Le projet de financement proposé, en octobre 2009, par le CNC, basé sur la mutualisation des redevances des copies virtuelles et des coûts d’équipement des salles apparaissait comme un système efficace permettant un accès non discriminatoire de l’ensemble des établissements cinématographiques et des distributeurs à la technologie numérique.

La remise en cause, le 2 février 2010, par l’Autorité de la concurrence de ce projet, qui faisait pourtant l’objet d’un consensus entre les différentes branches de la profession, réclame que nous inventions d’autres solutions permettant d’atteindre – ce que rappelle d’ailleurs l’Autorité – cet « objectif d’intérêt général » que constitue la numérisation des salles de cinéma.

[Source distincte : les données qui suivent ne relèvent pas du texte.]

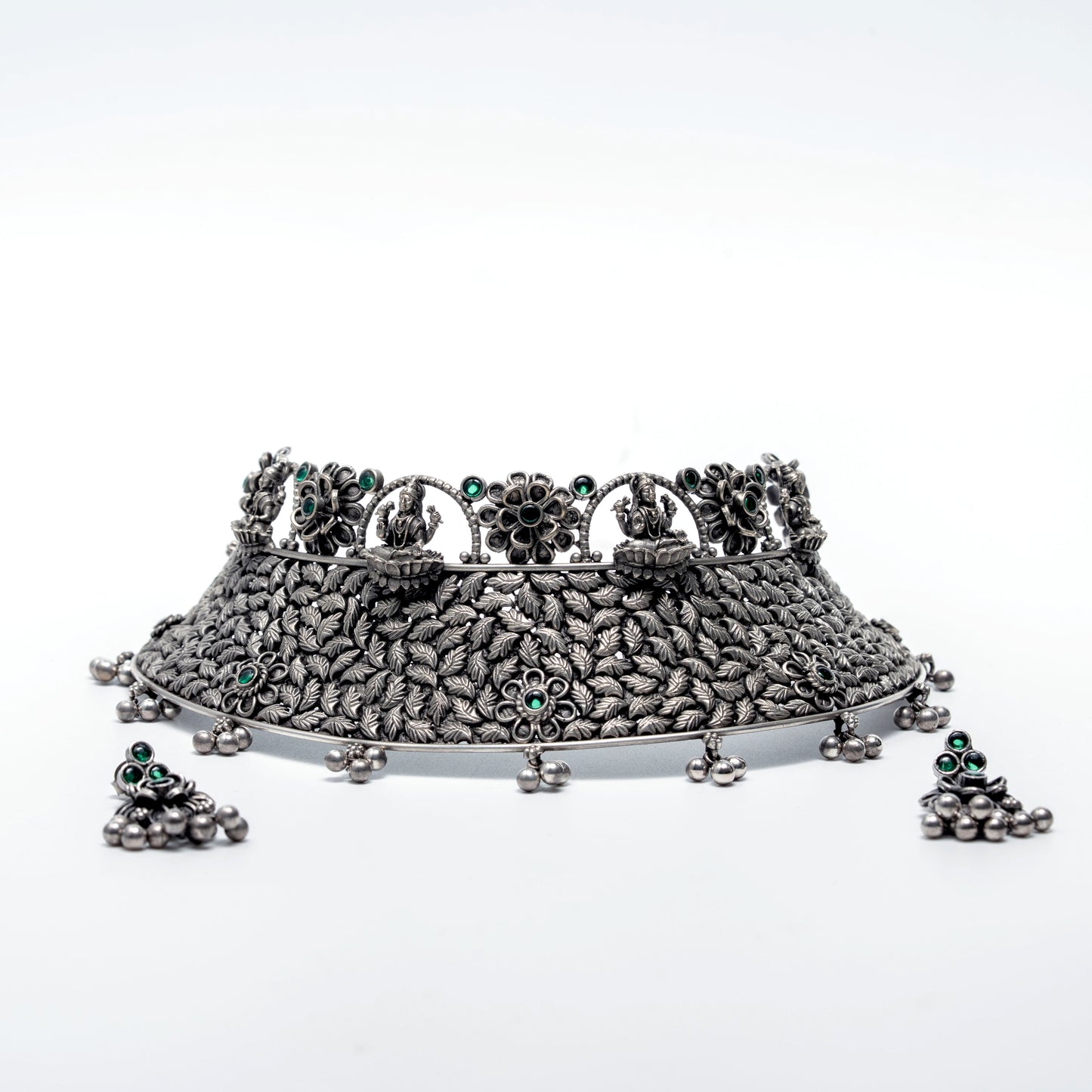 The Heritage Leaf Oxidized Choker Set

La contribution obligatoire contenue dans cette proposition de loi visant à faire participer les distributeurs qui, du fait du passage de la copie argentique à la copie numérique, réduisent leurs charges d’exploitation, semble répondre pour une part – mais pour une part seulement ! – à l’enjeu que constitue la numérisation des salles.

A ce jour, près du tiers des salles – très majoritairement celles des grands groupes – sont déjà équipées. La contribution obligatoire, par les transferts générés, permettra à un second tiers d’accéder au numérique. En revanche, le problème se pose pour le dernier tiers que constituent les salles les plus petites, les salles d’art et d’essai et les salles associatives qui, pourtant, sont des acteurs essentiels au maintien de la diversité de l’offre cinématographique.

Le système de contribution obligatoire tel que le prévoit cette proposition de loi ne bénéficiera, en effet, qu’aux salles ayant accès aux films dès leur sortie nationale et pouvant également programmer simultanément plusieurs films nouveaux. Les salles  de continuation ou les salles ayant peu d’écrans ne bénéficieront pas de contributions numériques leur permettant de s’équiper. Dès lors, ne pouvant s’intégrer pleinement dans cette révolution numérique, elles courent le risque d’être, progressivement, mises à l’écart . A cela, il convient de remédier résolument.

Chers collègues, nous ne doutons pas que la contribution obligatoire permettra à une partie du parc des salles de cinéma de s’équiper en numérique. Croire, en revanche, qu’elle bénéficiera à l’ensemble du parc et notamment aux salles qui n’existeraient pas sans le soutien des collectivités territoriales que, par ailleurs, on étrangle financièrement, serait faire preuve d’un excès de confiance.

Le travail en commission, suite au rapport de Michel HERBILLON, dont je veux après d’autres souligner la connaissance fine du sujet qui nous intéresse aujourd’hui, a déjà permis d’amender de manière conséquente le texte initial. Je citerai, entre autres, l’article 5 qui vise à fixer les loyers des salles de cinéma de centre ville en fonction des usages de la profession, afin de protéger ces dernières de la pression foncière qui les y font disparaître. Le groupe Socialiste, Radical, et Citoyen (qui votera ce texte) soumettra à votre approbation plusieurs amendements visant notamment à encourager la mutualisation et à garantir la diversité de la programmation. Il s’agira par ce biais de s’assurer de la pérennité des acteurs les plus fragiles de la filière.

Si elle devait faire disparaître ces mêmes acteurs, la révolution numérique ne serait pas seulement un formidable progrès ; elle serait également une terrible régression. Nous nous devons, de fait, mes chers collègues, de ne pas considérer notre travail terminé une fois cette proposition de loi votée. Après le temps législatif, s’imposera à nous un devoir de vigilance.